Quality checklist

Workslop prevention checklist.

How to stop AI from creating polished-looking work that makes someone else clean up the mess.

Why this matters

Polished output is not the same as useful work.

AI can make weak thinking look finished. This is especially risky at work because the person receiving the output may spend more time fixing it than you saved making it.

Use today

Check usefulness before you send.

Before sharing AI-assisted work, make sure it has a clear purpose, correct context, visible assumptions, and an obvious next action.

The six workslop checks.

1

Purpose

Can the recipient tell what decision, action, or understanding this output is supposed to support?

2

Context

Does it include enough background to be useful, without dumping irrelevant detail?

3

Accuracy

Have you checked facts, names, numbers, dates, links, and claims before sharing?

4

Specificity

Could this have been written for any company, or does it actually fit your task?

5

Ownership

Are assumptions, open questions, and human judgement clearly marked?

6

Next action

Does the recipient know what to do next, or have you handed them a tidy-looking puzzle?

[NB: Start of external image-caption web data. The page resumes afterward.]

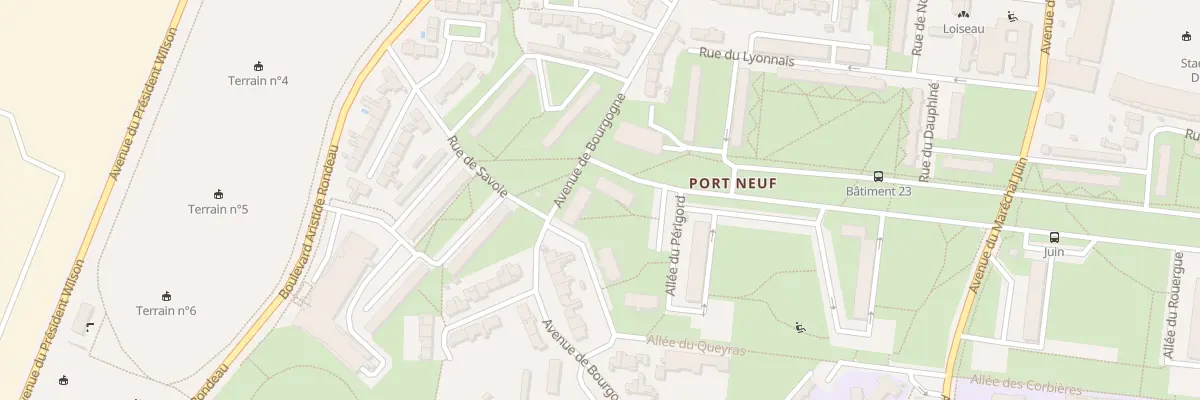 Plan du 7 Rue de la Vendée à La Rochelle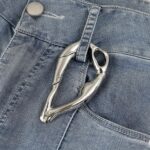 Cute Y2K Carabiner Keychain Clips Irregular Cool Multi-Use Large Heavy Duty Carabiner Hook Key Ring Outdoor Accessories Buckle - Image 6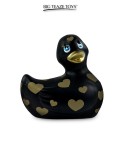 Mini Canard vibrant Romance version 2.0 - noir et or - Big Teaze Toys
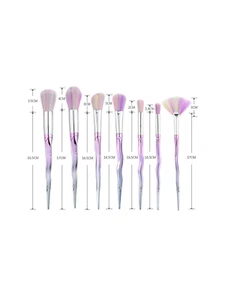 7-TEILIGES EINHORN PINK DIAMANT TWIST MAKE-UP PINSEL SET GRUNDIERUNG AUGEN GESICHT PINSEL KIT - Bild 1 von 8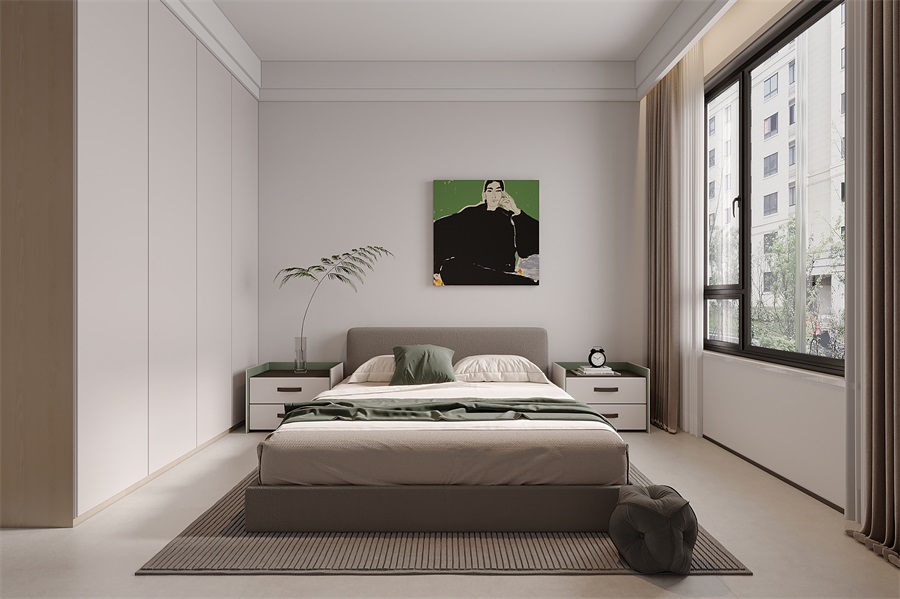 包頭遠洲大都匯整裝案例，全屋空間清新舒適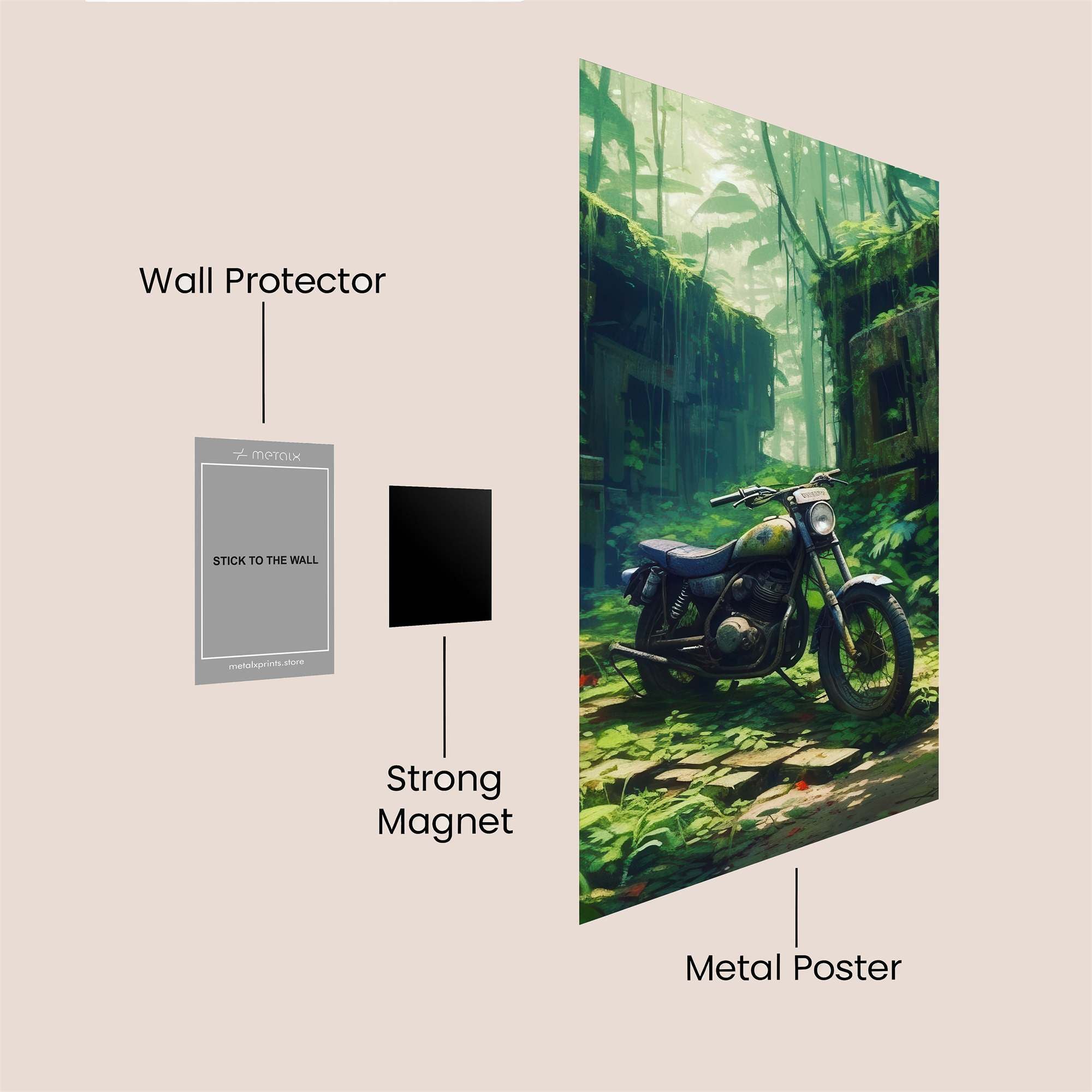 Jungle Serenity Safe Wall Magnetic / M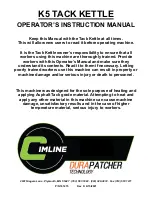 CIMLINE K5 Operator'S Instruction Manual preview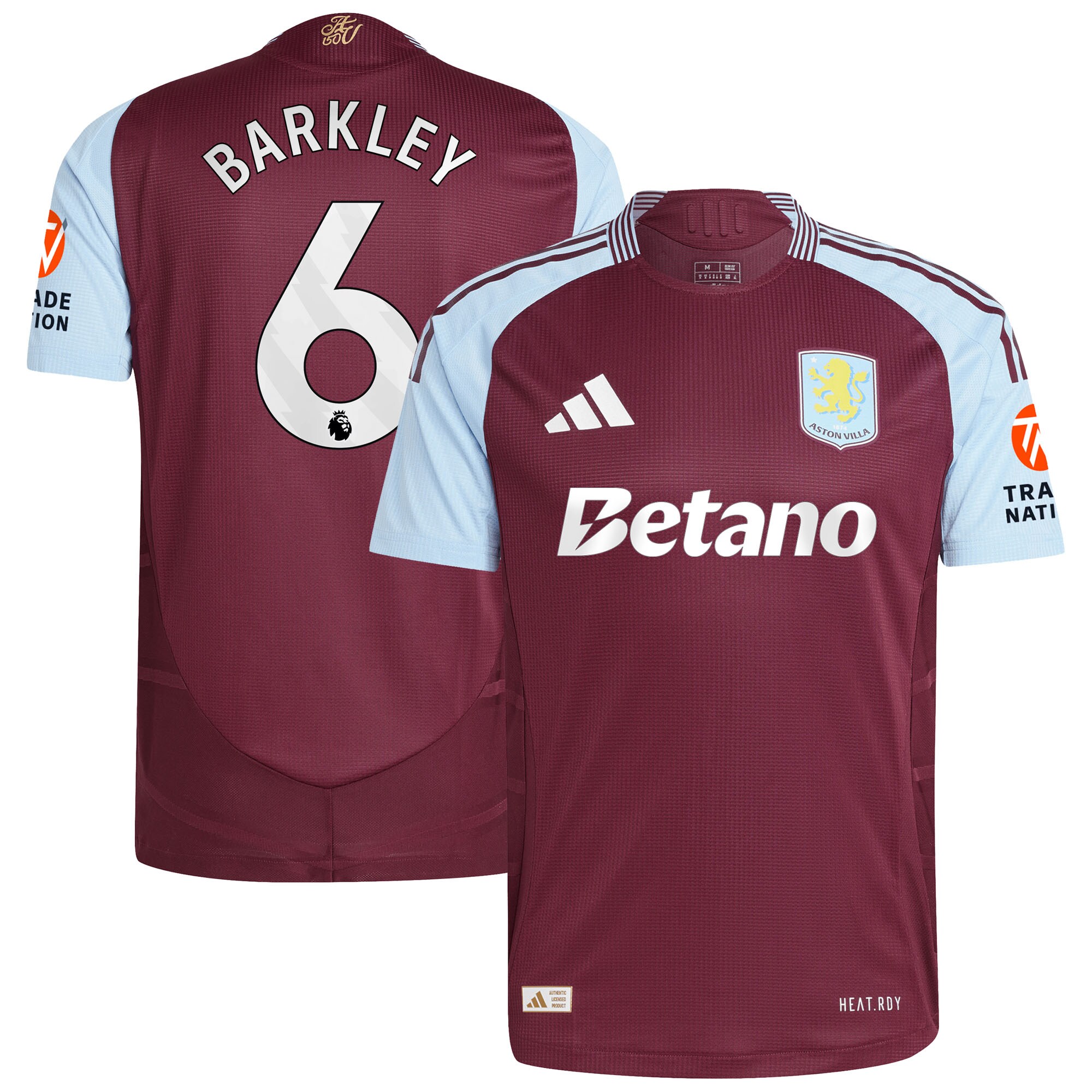 Aston Villa aston villa adidas home authentic shirt 2024-25 with barkley 6 printing Collection | AVFC Jerseys & Fan Gear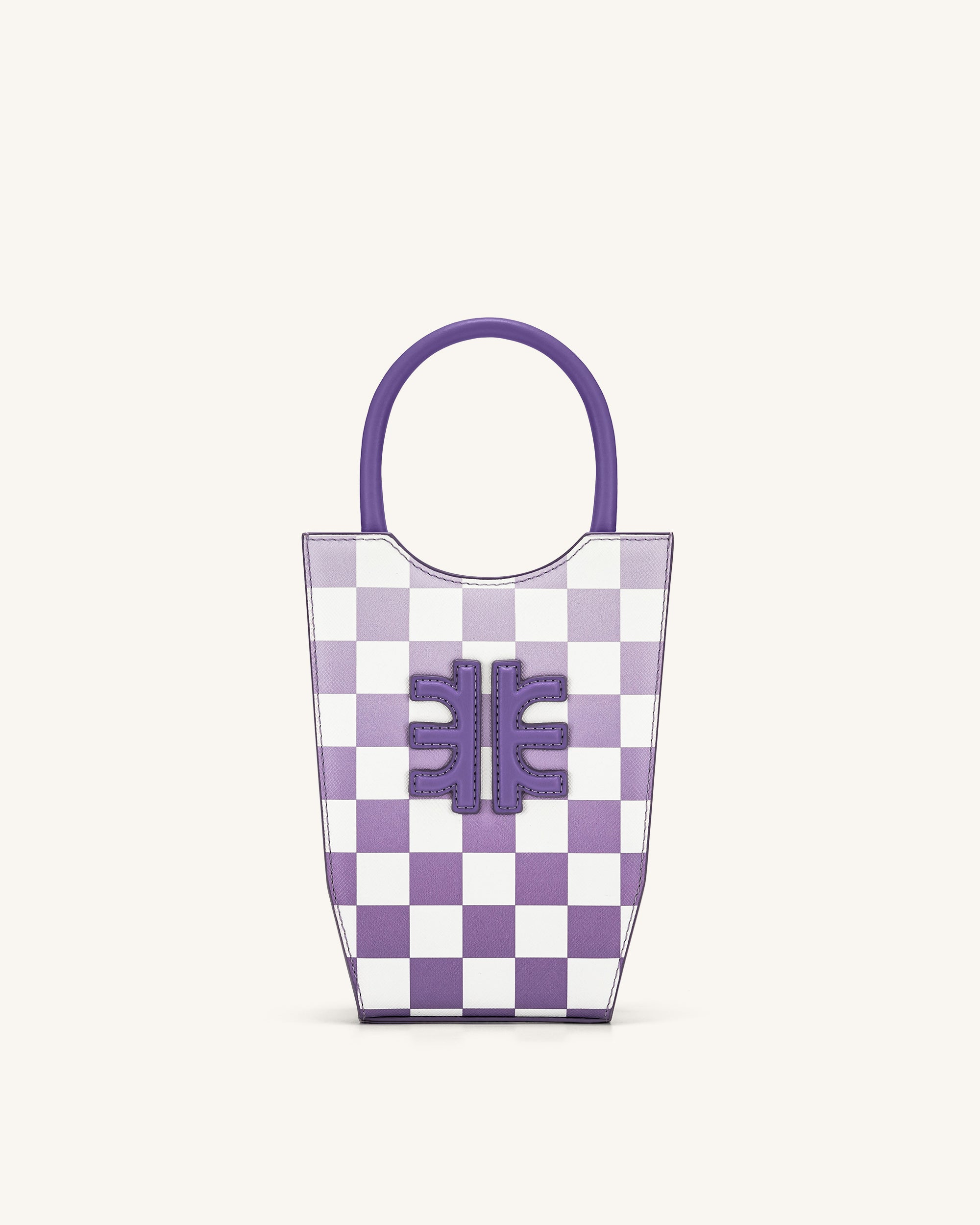 Jw Pei Fei Gradient Checkerboard Phone Bag Purple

Copy-paste prompt: workslop check.

# ROLE You are my AI work quality reviewer. # TASK Check whether this AI-assisted draft is actually useful or just polished. # DRAFT [paste non-sensitive draft] # OUTPUT FORMAT 1. What is useful 2. What is vague or generic 3. What could create work for someone else 4. Facts or assumptions I need to check 5. Edits that make the next action clearer 6. Final ready-to-send version only if the draft is good enough # RULES - Be direct. - Do not make unsupported claims. - Mark anything that needs human verification.

Before you send AI-assisted work.

Green light

  • The purpose is obvious.
  • Facts have been checked.
  • The recipient has a clear next action.

Slow down

  • It sounds impressive but vague.
  • It contains claims you have not verified.
  • It hides important uncertainty.

Do not send yet

  • The recipient would need to redo the thinking.
  • It includes sensitive details unnecessarily.
  • You cannot explain how the output was checked.